Debe recordarse que durante el sexenio anterior se realizaron esfuerzos inéditos en la lucha contra la defraudación fiscal, como la reforma constitucional impulsada por el presidente Andrés Manuel López Obrador para tipificarla como delito grave. En su momento, el entonces mandatario denunció todo un sistema fiscal paralelo e informal conformado por empresas factureras que, durante al menos diez años y al amparo del calderonato y el gobierno de Enrique Peña Nieto, perpetraron una fuga por hasta 300 mil millones de pesos, equivalentes a 30 por ciento de los ingresos de la Federación en ese entonces.
Sin embargo, los esfuerzos del Ejecutivo y el Legislativo con la reforma de 2019 fueron echados abajo por la mayoría conservadora de la Suprema Corte de Justicia de la Nación, que dio patente de corso a los delincuentes fiscales al anular la tipificación del fraude fiscal como delito grave equiparable al crimen organizado. Con su actuación, el máximo tribunal dejó al país a merced de quienes construyen fortunas no a través de la innovación y la creación de valor, sino de la descarada extracción de recursos públicos.
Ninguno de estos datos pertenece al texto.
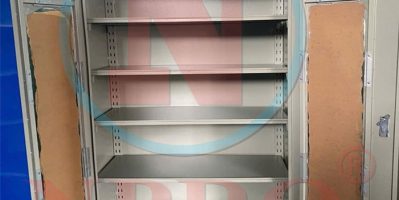 Tủ đựng dụng cụ 2 cánh 5 ngăn KT:W1000x500Dx1800Hmm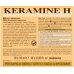Trattamento Rinforzante in Fiale Capelli Secchi Keramine H 10 Fiale da 10ml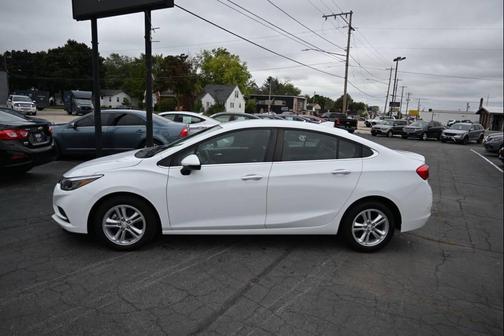 2016 Chevrolet Cruze LT Auto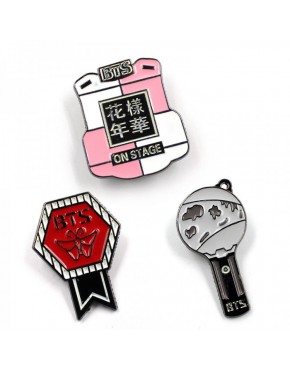 Bróche BTS PIN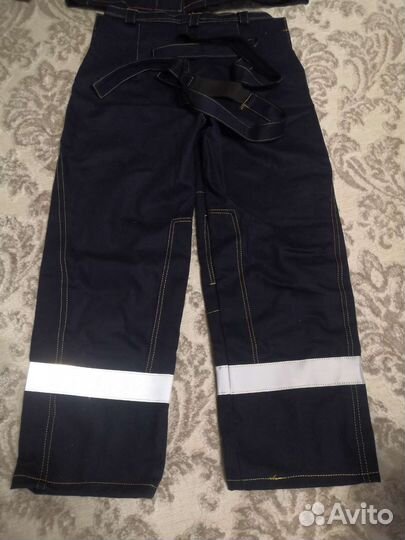 Костюм электрогазосварщика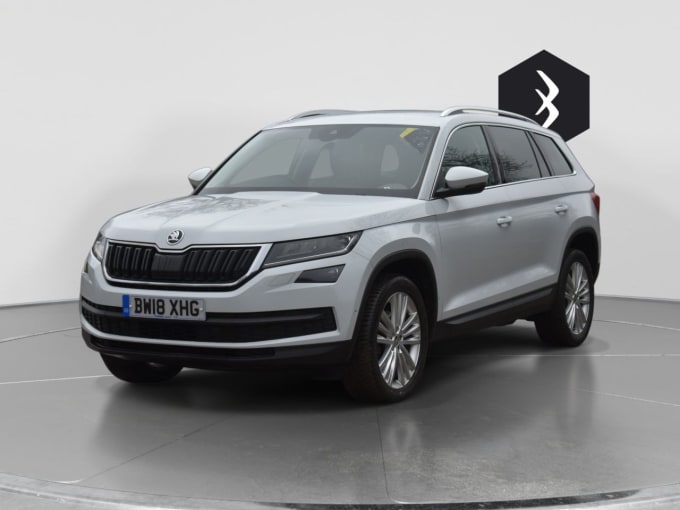 2025 Skoda Kodiaq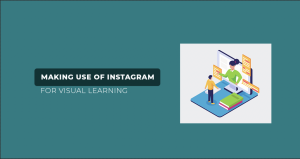 social media for education with Instagram for visual learning | RecurPost
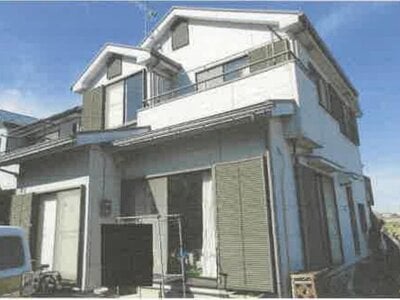 神奈川県伊勢原市 伊勢原駅21分 戸建て 820万円の競売物件 #1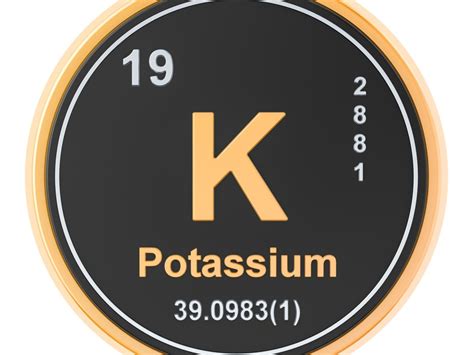 Potassium Deficiency And The Effects Of Potassium On Plants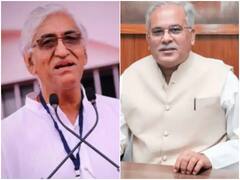 'No Talks On Leadership Change': Congress After Rahul Gandhi Meets CM Baghel, TS Singh Deo On Power Tussle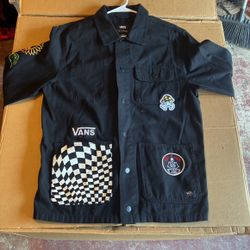 VANS Drill Chore Coat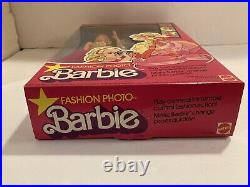 Vintage Fashion Photo Barbie Doll 1977 # 2210 Superstar Vintage Classic NRFB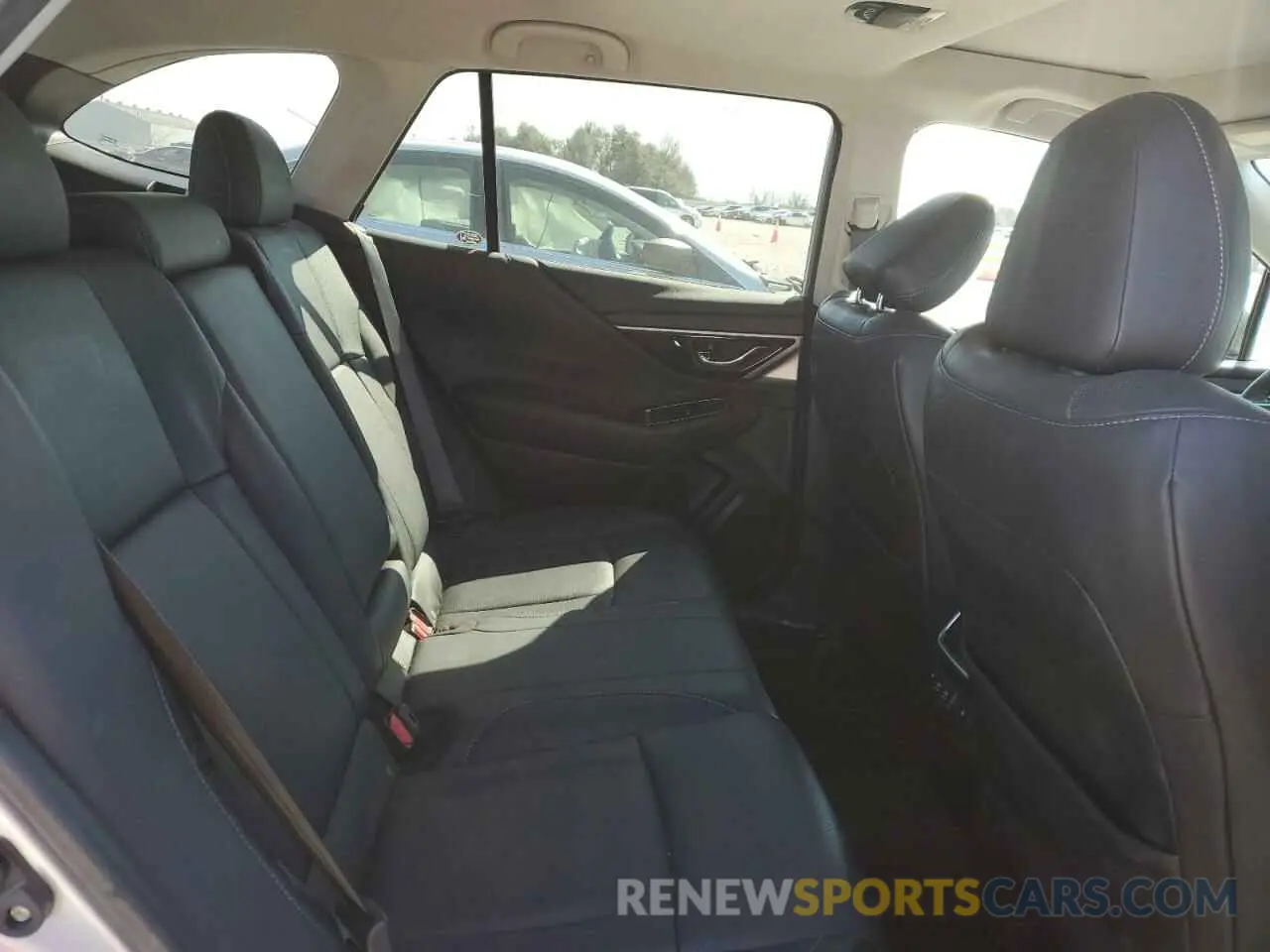 11 fotografías del automóvil dañado 4S4BTANC7L3103830 SUBARU OUTBACK 2020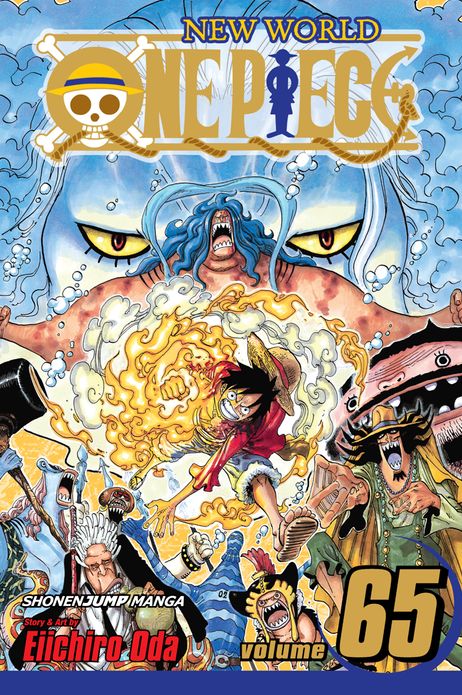 One Piece, Vol. 65: To Nothing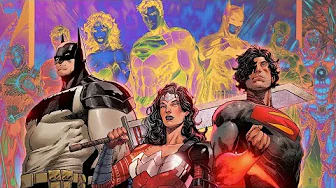 How Darkseid made the Absolute Universe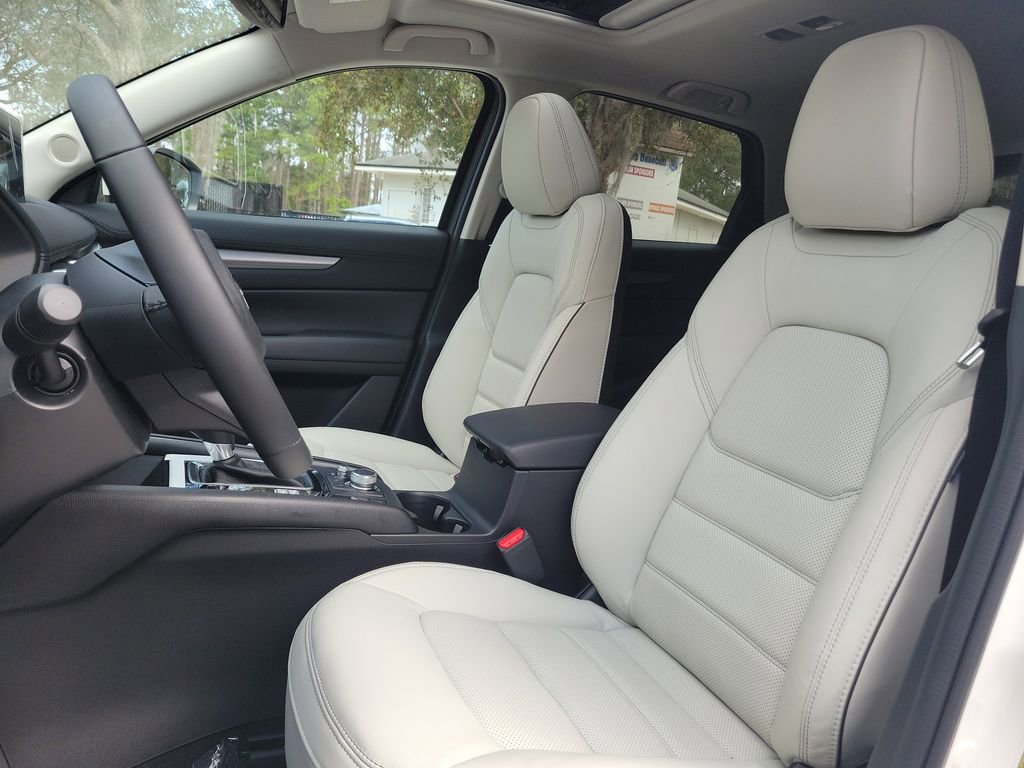 New 2025 MAZDA CX-5 AWD 2.5 S image 15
Como se ha señalado en este espacio, es evidente que la defraudación fiscal es una modalidad de crimen organizado, pues se trata de la colusión entre dos empresas –una que desea evadir impuestos y otra que le proporciona los medios para hacerlo– a fin de delinquir en agravio de todos los ciudadanos, que se ven despojados de sus derechos humanos a la salud, la educación, la vivienda, el trabajo digno y otros que el Estado se ve imposibilitado de proveer debido a la merma en sus ingresos. Cabe esperar que la democratización del Poder Judicial, que tendrá lugar a partir de los comicios de junio próximo, despeje el camino para acabar con una de las modalidades delictivas más nocivas para la población.